- Also known as: Türkvizyon Song Contest
- Genre: Song contest
- Created by: TÜRKSOY; TMB TV;
- Original languages: Turkish & official language(s) of host country
- No. of episodes: 4 contests

Production
- Running time: 2 hours, 45 minutes (semi-final) 2 hours, 30 minutes (final)
- Production company: TMB TV

Original release
- Release: 19 December 2013 – 20 December 2020

Related
- Eurovision Song Contest; Intervision Song Contest;

= Turkvision Song Contest =

Turkic-language recurring song contest

The Turkvision Song Contest (TSC, Türkvizyon Şarkı Yarışması), also known as the Türkvizyon Song Contest, is a song competition created by Turkish music channel TMB TV, inspired by the format of the Eurovision Song Contest. The first edition took place in Eskişehir, Turkey in December 2013. Countries and regions which are Turkic-speaking and of Turkic ethnicity are eligible to participate. The contest was last held on 20 December 2020 as an online event hosted from Istanbul, Turkey. Several cancellations followed, and the future of the event remains uncertain.

==History==
According to an October 2013 statement on the official website Turkvision.info: "Turkvision is a new contest inspired of Eurovision song contest.
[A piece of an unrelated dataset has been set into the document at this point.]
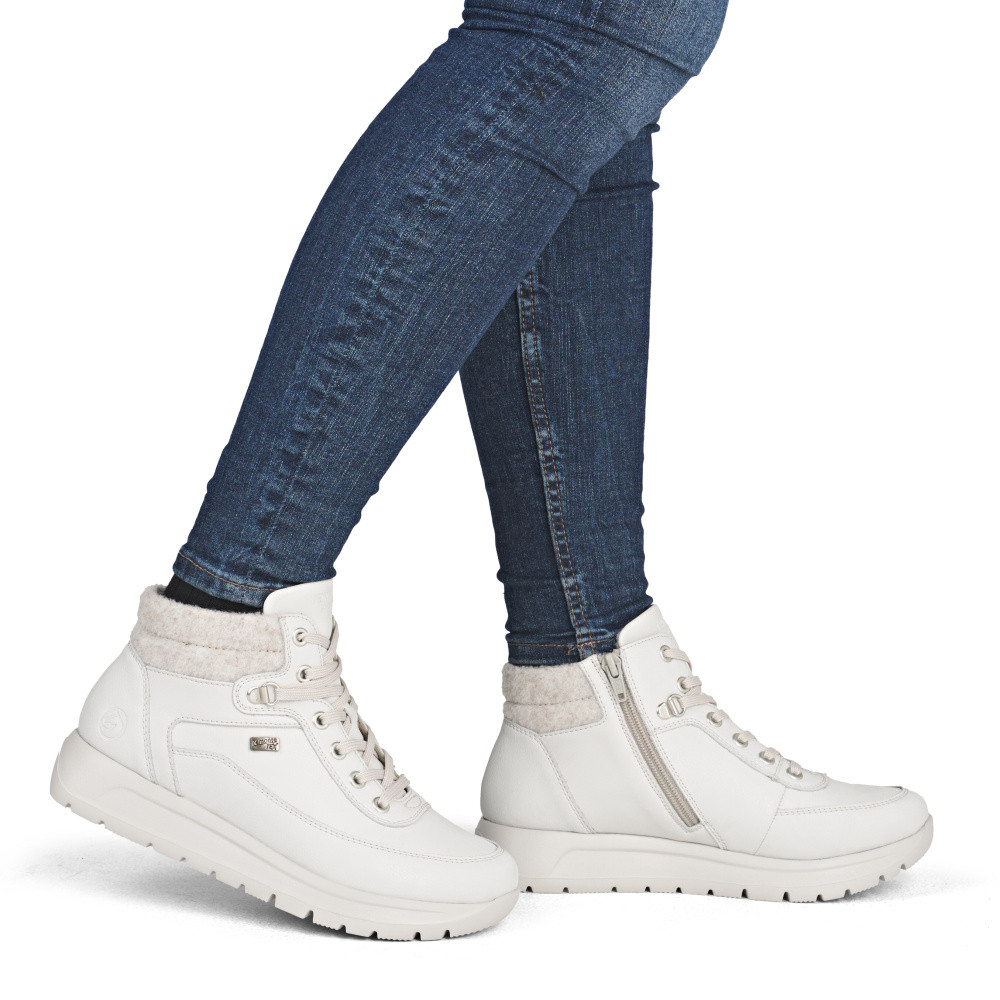 detail Dámská kotníková obuv REMONTE D2V71-80 bílá W5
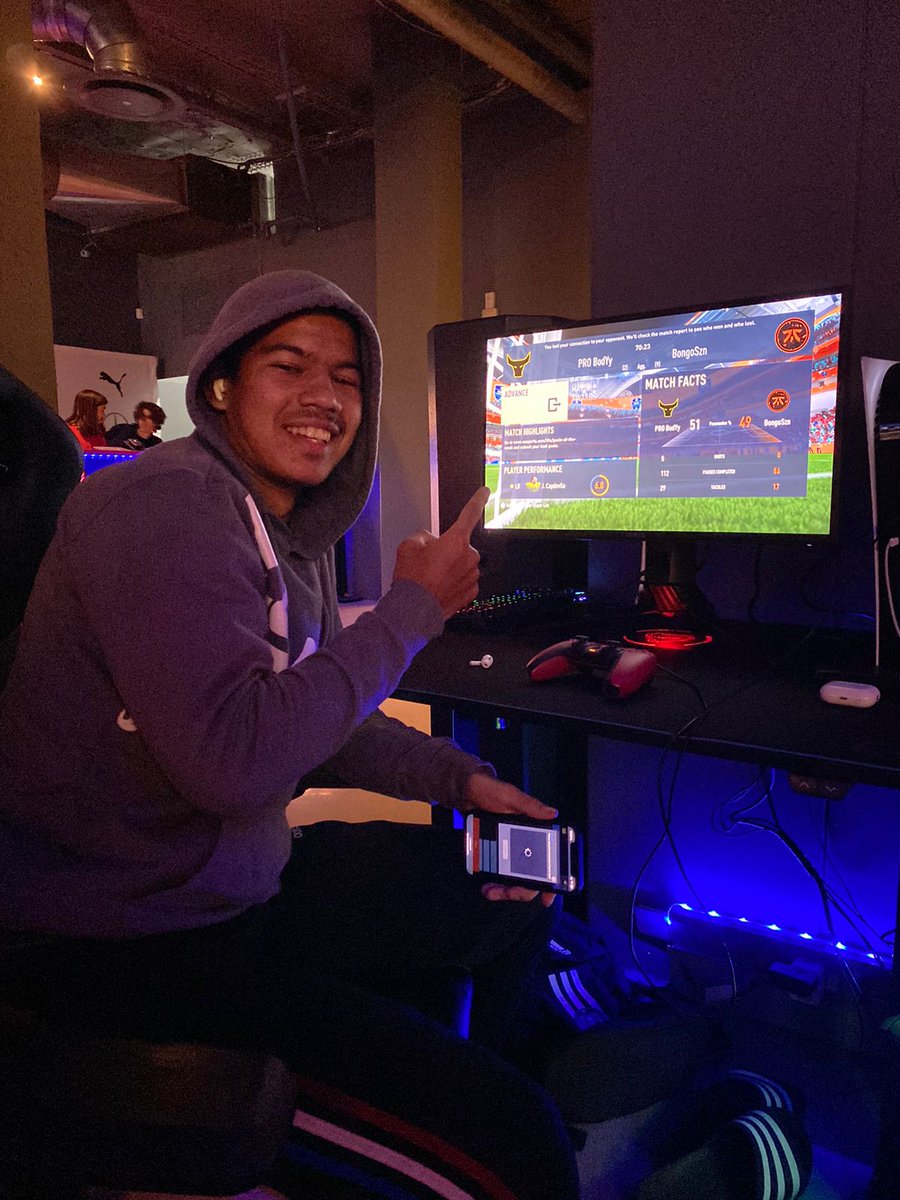 Pirates eSports tweet media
While Eurovision focuses in European countries, Turkvision is a contest whose participants are mainly from Turkish countries or Turkish spoken countries." Turkvision was actually a song contest which was created by TÜRKSOY in cooperation with the Turkish music channel TMB TV. The participating countries and regions had to take part in the Semi Final. A juror from each nation awarded between 1 and 10 points for every entry, except their own. An amount of 12 to 15 nations qualified for the Grand Final where the jury determined the winner. TÜRKSOY stated that televoting would be introduced in the future, but this never took place.

Hosting of the Turkvision Song Contest took place in the country or region that also hosted the Turkic Capital of Culture instead of the previous year's winning country.

In November 2020, the official Turkvision website posted that they hoped to stage the 2021 edition in Shusha, Azerbaijan. This was confirmed in December 2020 by İslam Bağırov, the contest's general coordinator, though it was later revealed that the 2021 edition would be taking place in Turkistan, Kazakhstan. However, the 2021 contest did not materialize.

On 1 February 2022, the Uzbekistan Tourism Ambassador announced on Twitter that the 2022 contest would take place in the first week of June 2022 in Fergana, Uzbekistan. However, this did not materialize and TÜRKSOY stated that the contest will be moved to Bursa, Turkey and take place later in the year, but that didn't materialize either.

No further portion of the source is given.